Mysterious Things about Crayola Crayons


I have been doing some research about Crayola crayons. I want to share the things I learned with you in this blog post.

The Crayola factory is located in the eastern Pennsylvania. According to an article, there are more than 600 employees in the factory. Did you know that Crayola makes about 3 billion crayons a year? Crayola was invented in 1902 and an 8-pack crayon box was only 5 cents or 1 nickel. A video said 2000 boxes of crayons were made per hour! Crayons in the 1950s got more fun names such as razz matazz, asparagus, inch worm, and purple mountains’ majesty. The crayon wrappers have three languages for the color name in three languages, English, French and Spanish.

Emerso Mose was an employee of the factory, but he was color blind, which is so surprising to me because you should be able to see color to work at a crayon factory. But he probably inspired many people to do what they want even if they are color blind.

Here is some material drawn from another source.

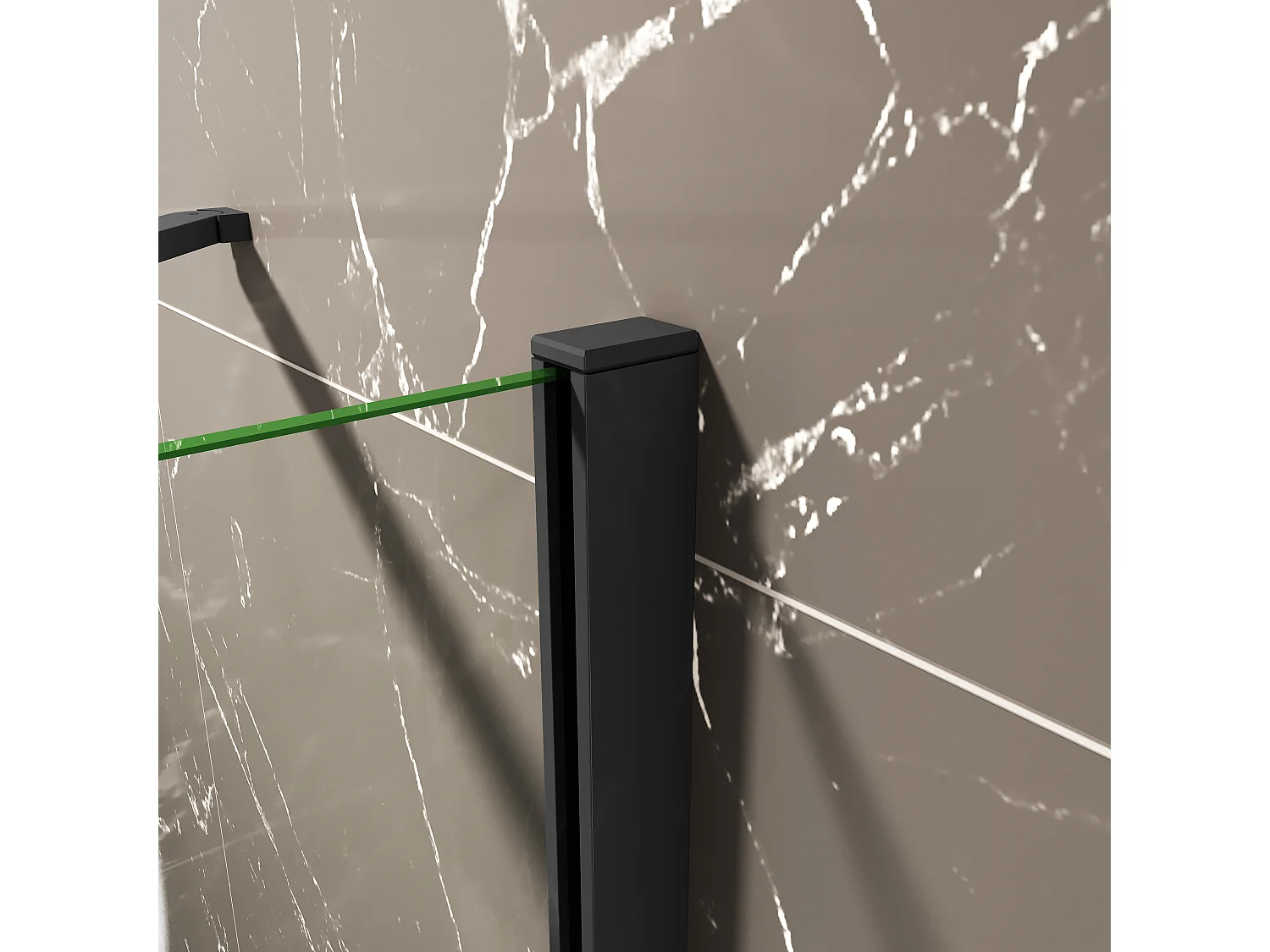 60x200cm Walk in Duschwand Panel Seitenwand Dussche 8mm NANO Glas 30cm Wasserschutzglas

First, water and various chemicals are mixed in big wooden tanks to create pigments. They give crayons their color. Next, each color solution passes through a filter press that squeezes out extra water, leaving moist cakes of color. The cakes of color are scrapped of the press, broken up by hand and put into stacked plastic trays. The trays are baked for three to four days. Then a machine called a pulverizer grinds the colors into a fine powder and is sent to a crayon manufacturing plant. Outside the plant are many storage tanks that hold heated liquid max. Liquid paraffin wax is pumped through large pipes into mixing vats inside the plant and the colored pigment is poured into each vat of clear wax. A rod inside the mixing vat stirs the colored pigment and clear wax, creating colored wax. The colored wax is heated to about 240 degrees, is piped from mixing vat onto rotary mold tables. There are little holds and the wax flows into the holes, which are molds for crayons. The rotary mold table moves slowly in a circular motion.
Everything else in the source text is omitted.